Özellikle 2018 öncesi yolculuk yapan herkes çok iyi bilir ki yollarda hususi araçlardan geçilmezdi, yol kenarına tezgan açmış yöresel ürün satan tezgahların önünde en az 3-5 araç durup alışveriş yapardı. Zaten dinlenme tesisleri cıvıl cıvıldı. Araçlara park yeri bulunamazdı.
Marketlerden çok sayıda kişi alışveriş yapardı, lokantalarda yemek almak için kuyruklar oluşurdu. Lokanta tezgahlarında çeşit çeşit et ve sebze yemekleri olurdu.

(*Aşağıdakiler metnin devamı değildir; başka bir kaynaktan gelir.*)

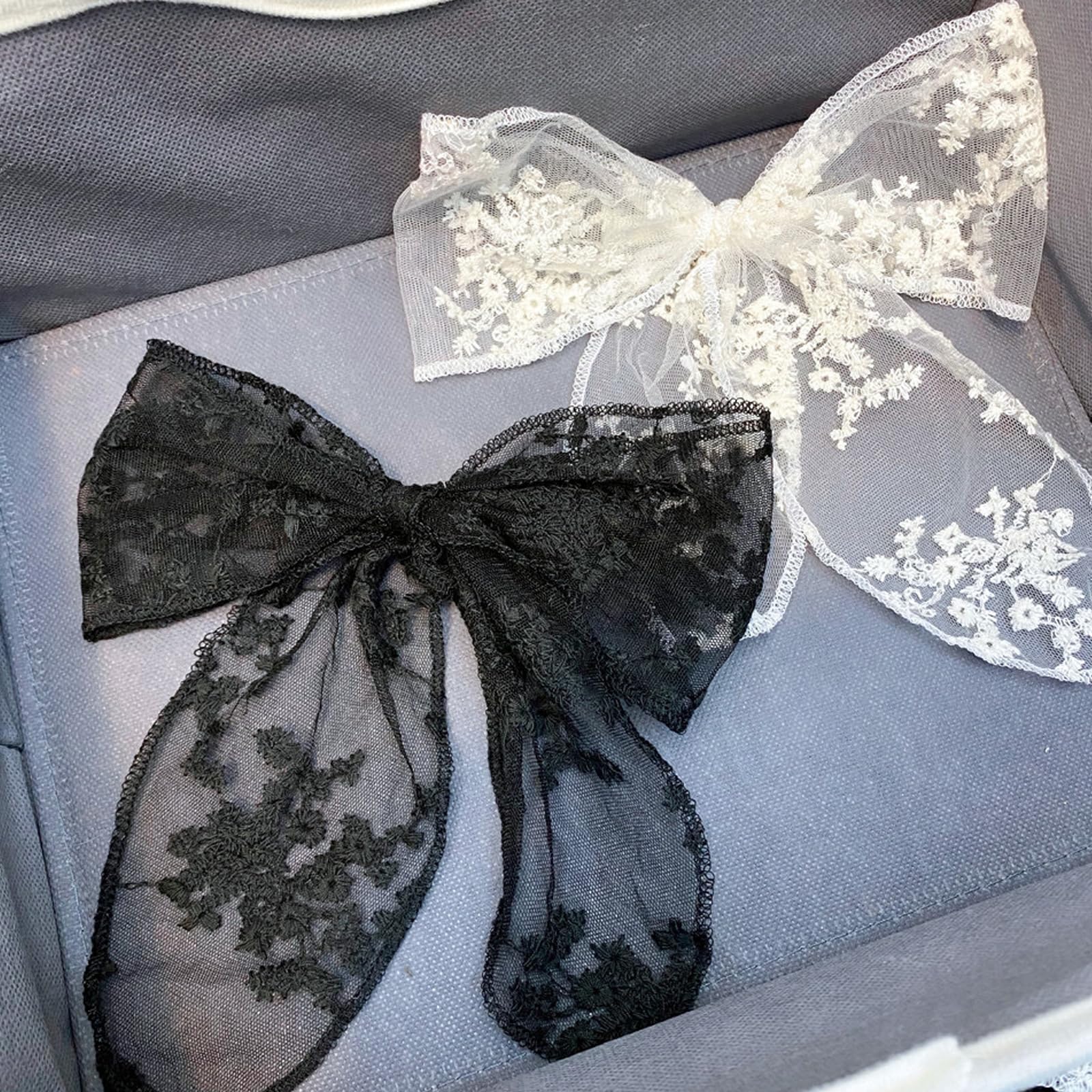 CELLIFEZY front view showing both black and white bows, elegant accent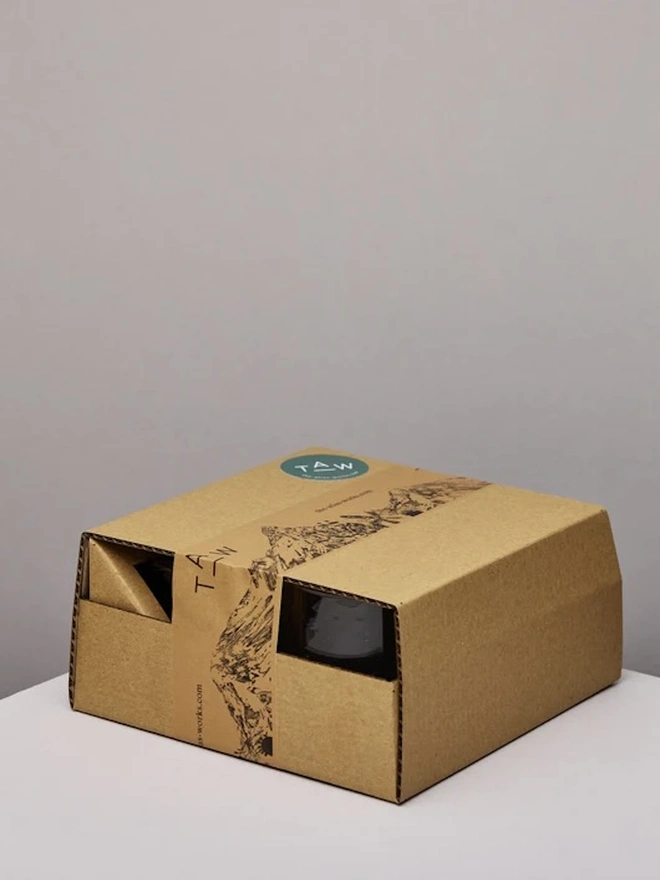 Whisky Glasses (Set Of 3), a set of whisky glasses and a jar packaged inside a cardboard box sitting on a plain counter top against a grey backdrop.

Üstelik bu lokantaların haricinde çok sayıda özellikle et mangal, çeşit çeşit ızgara köfte gibi yemek hizmeti sunan yerlerin önünde hususi otomobillerden geçilmezdi. Ya şimdi. Evet ya şimdi. Durum insanın içini acıtıyordu.
Gördüklerim ülkemizde yaşanılan ekonomik krizin bir aynasıydı adeta.
Dinlenme tesislerinde otobüs her mola verdiğinde görülen manzara yine aynıydı.
Yemek ve ihtiyaç molası olarak verilen mola sırasında tesislerde ki otobüs sayıları 1 ile 3'ten fazla değildi. Insanlar iki binli yılların başında olduğu gibi evlerinden getirdikleri yiyecekleri bir masa etrafında toplanıp aldıkları birer bardak çayla birlikte yiyorlardı.
Ikinci çayı isteyen pek nadirdi. Çünkü bir bardak çay 15 liraydı. Lokantada yemek yiyenin sayısında birkaç kişi geçmiyordu. Onlar da ağırlıklı olarak benim gibi çorba içiyorlardı. Zaten lokantalarda kırmızı etle yapılan yemek çeşidi yok gibiydi. Bir iki çeşit kıymalı yemek vardı.
Diğer yemekler ise tavuk etinden ve sebzeden yapılan yemeklerdi. Köfte yemekleri bile tavuk etindendi. Ha bir de bazlama çeşitleri vardı ama onlar da patatesli ve peynirliydi. Kıymalı bazlama bile yoktu. tanesi 70 ile 90 TL arasında satıldığı için ona da pek rağbet yoktu.
Yol kenarlarında ise önünde onlarca aracın bulunduğu, çevreye mis gibi kokular yayan et, mangal tesisleri, yöresel ürünlerin satıldığı yerlerin hiçbiri açık değildi.
Diyebilirsiniz ki mevsim kış. Doğrudur mevsim kış ama 2018 öncesinde manzara bu değildi. Yollarda, mola verilen tesislerde araç ve insan sayısından geçilmiyordu. Her taraf cıvıl cıvıldı. Oysa bugünkü yolculuğunda gördüklerim içimi ürpertmişti.
Yol kenarında satış yapan küçücük işyerleri,yöresel ürünlerin, hediyelik eşyaların satıldı tezgahlar artık yoktu.
Dinlenme tesisleri haricindeki diğer işletmeler sanki bir harebeye dönüşmüşlerdi. Çok şükür otobüslerin mola verdiği tesisler kapılarına kilit vurmamışlardı.
Belli ki bu tesislerde seyahat hizmetinin devamlılığı açısından hizmet sunmaya ve ayakta durmaya çalışıyorlardı.
Yollarda görülenler ülkemizdeki ekonomik krizin ne kadar derin olduğunu, insanların sadece mecburiyetten kaynaklı yolculuk yaptığı, artık yollarda alışveriş yapmayı bıraktıkları, yiyecek dahi almak istemedikleri enflasyonun sebep olduğu ekonomik krizin o acı yüzünü gösteriyordu.